6月4日、巳刻、新田の四郎忠常人穴を出て歸参す。往還一日一夜を経るなり。この洞狭くして踵を廻すに不能。意ならず進行す。又暗くして心神を痛め令む。主従各々松明を取る。路次の始中終水流に足を浸し、蝙蝠顔に遮り飛ぶこと、幾千萬を不知。その先途大河なり。逆浪漲り流れ、渡らんと欲するに拠無し。ただ迷惑の外他に無し。
爰に火光を当て河向の奇特を見るの間、郎従四人忽ち死亡す。而るに忠常彼の霊の訓えに依って、恩と賜はる御劔を件の河に投げ入れ、命を全うし帰参すと。古老云く、これ浅間大菩薩の御在所、往昔以降敢えてその所を見ることを得ずと。今の次第尤も恐る可きかと。
仁田忠常洞中に奇異を見る図
仁田忠常洞中に奇異を見る図(画:月岡芳年)
翌日の午前十時頃に、新田四郎忠常がようやく人穴から戻ってた様です・・・往復するのに一昼夜掛かったとの事!
忠常が言うには

『この穴は、狭くて方向転換が出来ないので、仕方なく前へ進んで行きました・・・真っ暗で不安に駆られ、各自松明に明かりをつけ進みました・・・
道中は常に水が流れていて足は濡れっ放し・・・
無数の蝙蝠が顔の前を飛び交いました・・・

途中、大きな川が凄い勢いで流れていて、渡る方法もなく困りました・・・

その時、突然光が当たってきたので、川の向うを見ると、家来4人がたちまち死んでしまいました・・・
しかし、自分は霊からの教えにより、頼家から賜った剣を川へ投げ入れたので、命を失わずに帰ることが出来ました。
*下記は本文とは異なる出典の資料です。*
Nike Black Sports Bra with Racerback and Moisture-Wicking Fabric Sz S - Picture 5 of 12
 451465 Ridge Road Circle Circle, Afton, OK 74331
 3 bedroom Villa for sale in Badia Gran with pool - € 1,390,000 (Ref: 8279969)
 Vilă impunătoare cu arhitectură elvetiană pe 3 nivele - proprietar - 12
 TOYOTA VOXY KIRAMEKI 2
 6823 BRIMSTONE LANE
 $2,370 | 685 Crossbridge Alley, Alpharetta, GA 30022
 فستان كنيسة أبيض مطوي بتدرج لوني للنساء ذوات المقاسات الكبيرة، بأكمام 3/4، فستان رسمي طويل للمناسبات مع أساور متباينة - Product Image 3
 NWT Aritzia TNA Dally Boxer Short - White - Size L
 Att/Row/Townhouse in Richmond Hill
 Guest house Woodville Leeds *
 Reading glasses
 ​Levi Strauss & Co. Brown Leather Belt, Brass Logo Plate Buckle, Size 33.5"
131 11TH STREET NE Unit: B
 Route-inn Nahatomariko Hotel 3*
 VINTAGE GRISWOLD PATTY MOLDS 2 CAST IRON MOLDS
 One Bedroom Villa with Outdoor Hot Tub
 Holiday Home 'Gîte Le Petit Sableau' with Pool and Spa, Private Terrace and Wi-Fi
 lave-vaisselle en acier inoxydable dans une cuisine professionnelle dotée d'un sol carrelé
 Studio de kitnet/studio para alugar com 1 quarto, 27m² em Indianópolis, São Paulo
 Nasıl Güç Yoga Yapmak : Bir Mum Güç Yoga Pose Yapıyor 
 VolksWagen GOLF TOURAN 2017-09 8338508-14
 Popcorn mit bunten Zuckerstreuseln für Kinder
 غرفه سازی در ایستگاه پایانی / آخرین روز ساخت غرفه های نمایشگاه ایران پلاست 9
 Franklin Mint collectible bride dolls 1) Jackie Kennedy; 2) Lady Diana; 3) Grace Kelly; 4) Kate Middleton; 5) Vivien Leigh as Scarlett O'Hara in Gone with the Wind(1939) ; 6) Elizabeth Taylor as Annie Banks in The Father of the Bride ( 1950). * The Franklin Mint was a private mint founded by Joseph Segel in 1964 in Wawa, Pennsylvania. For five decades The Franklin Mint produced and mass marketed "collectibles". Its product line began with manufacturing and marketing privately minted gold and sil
』
との事・・・

土地の古老が言うには
『そこは浅間大菩薩のおられる場所なので、昔から敢えて見に行く所ではありません!・・・この行為は神に対する冒涜です!くわばらくわばら!』・・・
う~ん神様怒ってないといいですけどねぇ・・・
その後の展開をご存知の歴史好きな方達からすると、この古老の話は伏線というか・・・ニヤっとしてしまいますね(笑)
建仁3年後半は頼家にとって、忠常にとっても災難な年でした・・・それについては【六方井】のページで書かせて頂いたと思いますので、そちらを参照して頂きたいと思います!

取り敢えず6月10日に頼家一行は鎌倉に帰った様です・・・あ、そうそう、阿野全成は6月23日、八田知家により下野で処刑されました・・・ナ~ム~・・・

しかし思ったより詳しく人穴探索について記述されていてます・・・逆に怪しいですね・・・北条の非道なやり口を神の祟りに置き換える為の捏造なのでは?・・・などと考えてしまいます・・・
どーでもいいですが、家来が一人生き残ってるはずですが、彼のその後が気になりますね(笑)

【吾妻鏡】の話はこの辺にして置いて、人穴の向かい側には石塔群があります!
石塔群 石塔群2
ロープが張られていて中に入る事は出来ませんが、市の職員の方達でしょうか?・・・皆が身分証の様な物をぶら下げていましたが、数人でゴソゴソ何かしておられました・・・
世界遺産登録となり、今後の対応対策に追われているんでしょう・・・
ど~やら停めてあった車は彼らの物で、観光客は自分達だけの様でした・・・ちょっとくらい話を聞けるかな?なんて思っていましたが挨拶もなく完全シカトでした(笑)・・・別にいいんですけどね・・・ただの業者さんかもしれないし・・・
雨の日に来てんじゃねぇーよ!ぐらいに思われていたのかも知れません・・・

しかし石塔の傾きっぷりが素晴らしいですね!絶妙のバランスで建っています・・・
内藤家墓地 こちらは鎌倉にある光明寺・・・大檀家、日向国延岡藩主内藤家歴代の墓地・・・何か風景がダブりました・・・
こちらも200基近い墓塔群です!

どちらも異様な風景である事は疑いようもありませんが、雰囲気は人穴の方が上ですね・・・
内藤家墓地は中でお弁当とか食べたくなりますが、人穴はちょっと・・・怖いです・・・弁当食べてる時に崩れて来たら怖いって意味もありますけど(笑)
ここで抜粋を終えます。